You see, to eliminate all question of the value of human life, Christ came to us in our flesh. To eliminate all question of how much God loves you, Christ went to the cross, continuing to love in the face of concentrated and focused human evil. And in a universe we understand as being marked by slow decay, to show us that new life can burst forth, Jesus rose from the dead. Risen, victorious, he gives that life to us, now, at this table, in our baptism and forever. We have tasted the goodness of God in so many ways today, and in a few minutes we will taste it in the blessed sacrament of his body and blood.

Before we do that, however, we will renew the vows and covenant of baptism.

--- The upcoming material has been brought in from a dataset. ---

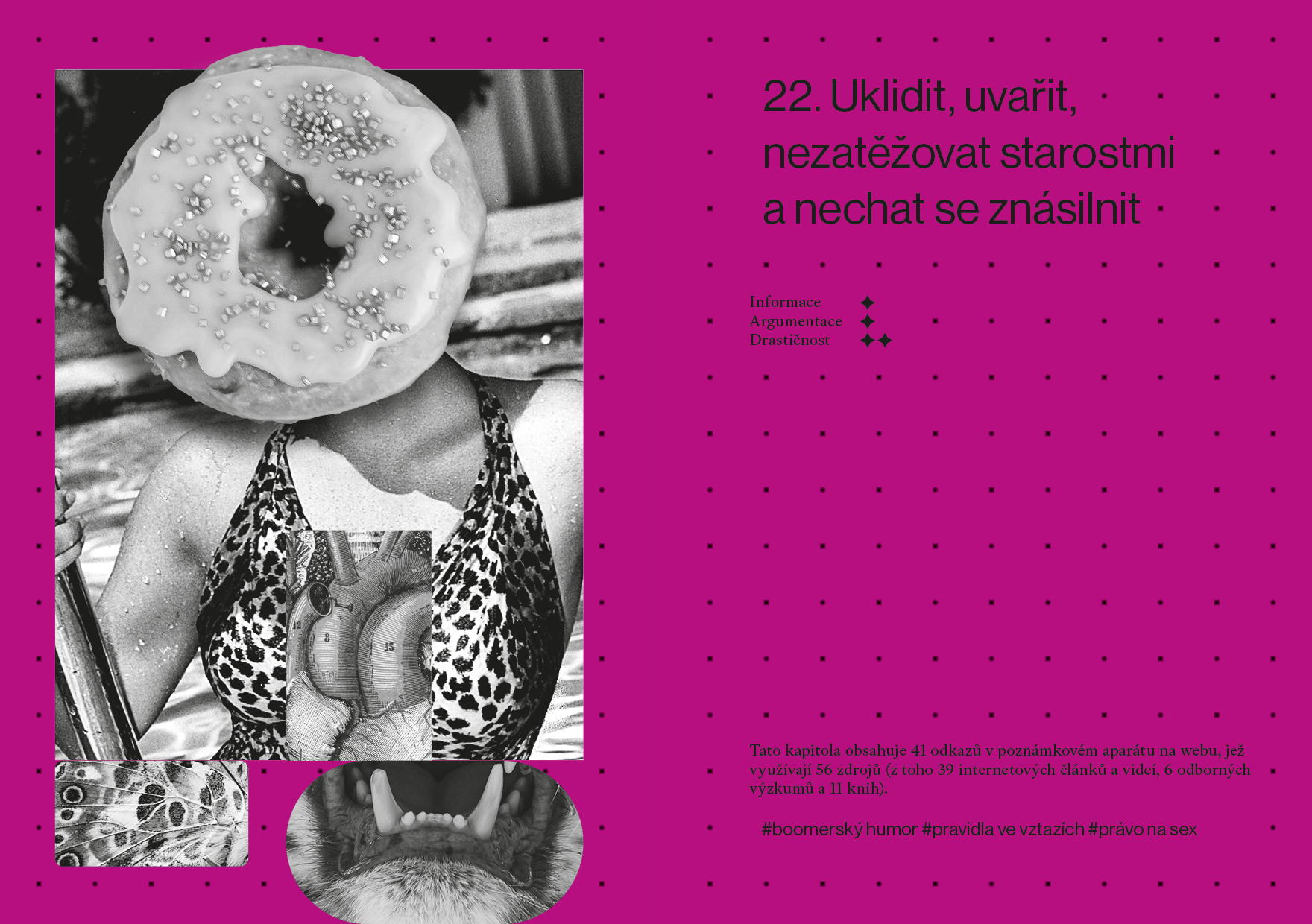 22. Uklidit, uvařit, nezatěžovat starostmi a nechat se znásilnit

First, I have a question for the children in the soft space in front of the altar. I usually don't ask trick questions, but this is a trick question. When you pray, whose ear is closest to your mouth? We have one hand up for God. Well, I suppose. In the room you are sitting right now whose ear is closes to your mouth? That's right -- your own. And that's why we renew baptismal promises. We need to hear ourselves. We need to year two thousand of us claiming the bread of life as our own as we repeat what we believe and how we want to respond to God's love, how we will nourish and sustain our life, how we will reach to the whole world.

So today we dine as sumptuously as we can at this banquet so we will know without doubt when we leave here the riches of God's love for us, and to see how many it takes in the Diocese of Bethlehem, the 14 counties in northeast Pennsylvania.

Realizing how richly we are fed, if there is a human heart beating in us at all, the desire to share this bread with those who do not even know they are hungry cannot help bursting into flame. Imagine. Imagine what it would be to have ten thousand people sharing what we have today.

How sweet that would be. Tell what you have seen and heard.